Provision has been made to ensure privacy by setting strict limitations as to whom disclosure of the monitoring and research information can be released. I am sure we are in a period of time where privacy is very important, where information cannot be provided indiscriminately to everyone who asks, so there is cognizance in the bill to ensure that measure of privacy.
There is a major amendment that is being proposed to the Garnishment Attachment and Pension Diversion Act. We are talking about the creation of a priority for family support obligations over other judgment debt, thereby acknowledging the pre-eminence of family support obligations over other debts. In other words, the family comes first, before other debts are looked at.
Both judgment debt creditors and family support obligation creditors may apply under the act. There is currently no section in the act that addresses the situation where a debtor has both support and judgment debts.
Five years ago Canada's governments launched the national children's agenda, engaging Canadians in every part of the country on how to ensure that all Canadian children have a good start in life and that families with children have the tools they need to provide care and nurturing.
We made a presentation at the United Nations regarding the elimination of discrimination against women. We were asked questions about families in our country, the situation of our children, and the issue of child poverty. What we do in all the pieces of legislation that we put forward, especially in this area, is keep the interests of the family and children at the top of the list.
In the Speech from the Throne of January 30, 2001, the government identified as one of its top priorities that no Canadian child should suffer the debilitating effects of poverty. We have been working in this area with programs and policies. We have been looking at all of the possibilities that are before us as policy makers and government to meet the issue of the effects of poverty on our children. Creating a priority in favour of family support obligations over other debts would support this goal. Putting the family first, putting debt toward the family and support obligations before all other debts, must be pre-eminent and supported in this legislation.
Bill C-22 forms part of the government's stated goal to reduce child poverty and reform the family justice system.
Much has been debated and I think all members on every side of the House would agree that we must ensure that the quality of life for families and children is really at the base and the root of everything we say and do in the House.
I applaud all members who have participated in the discussion.
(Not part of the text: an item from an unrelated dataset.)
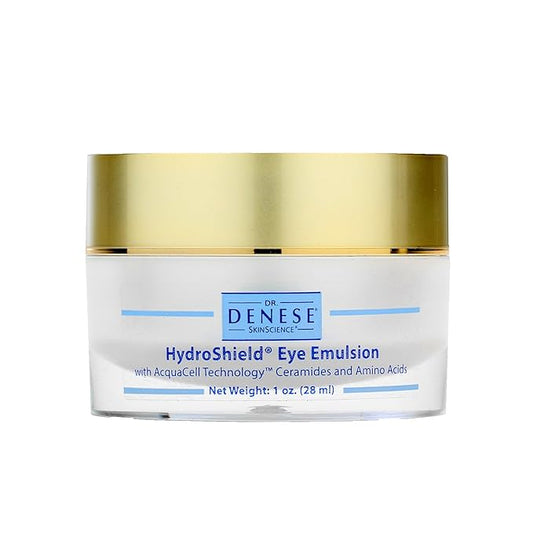 Dr. Denese SkinScience HydroShield Eye Emulsion Increased Hydration with Botanical Stem Cells, Sodium PCA, Watermelon Extract, Ceramides & Amino Acids - Improve the Look of Lines & Wrinkles - 1oz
I look forward to the work in committee as we ensure that whatever we do as legislators and policy makers will ensure that in supporting Bill C-22, in whatever necessary changes or however the discussion goes, that we come back with something where we keep in mind the best interests of our children.
We want the justice system to work for all of us and in such a way that it will ameliorate and lessen the issue of conflict that arises and brings to some of our families the kinds of distress that faces them on a daily basis today.
This is legislation, not only for today, but for tomorrow. This is legislation that will improve our community and improve relationships. This is legislation that is trend-setting because there are many jurisdictions that are looking at us as federal legislators for the guidance and the policy route that we must take in the best interests of our children.